Given data
• • • •

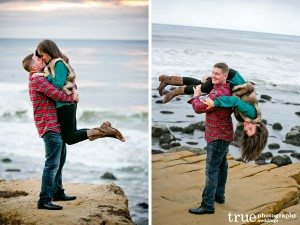 Beach-engagement-shoot-in-Point-Loma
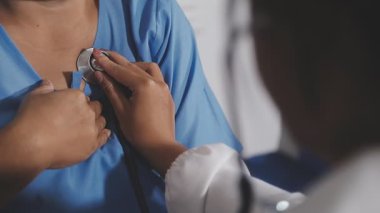 Doktor steteskopta kalp atışlarını kontrol ediyor.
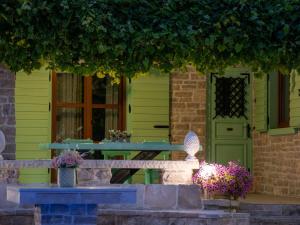 una casa verde con tavolo e porta di Authentic Dalmatian Treasure Homes - House Wood a Orebić (Sabbioncello)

• • • •

Without including any images, output the data exactly as given.

 Beach-engagement-shoot-in-Point-Loma
 Doktor steteskopta kalp atışlarını kontrol ediyor.
 una casa verde con tavolo e porta di Authentic Dalmatian Treasure Homes - House Wood a Orebić (Sabbioncello)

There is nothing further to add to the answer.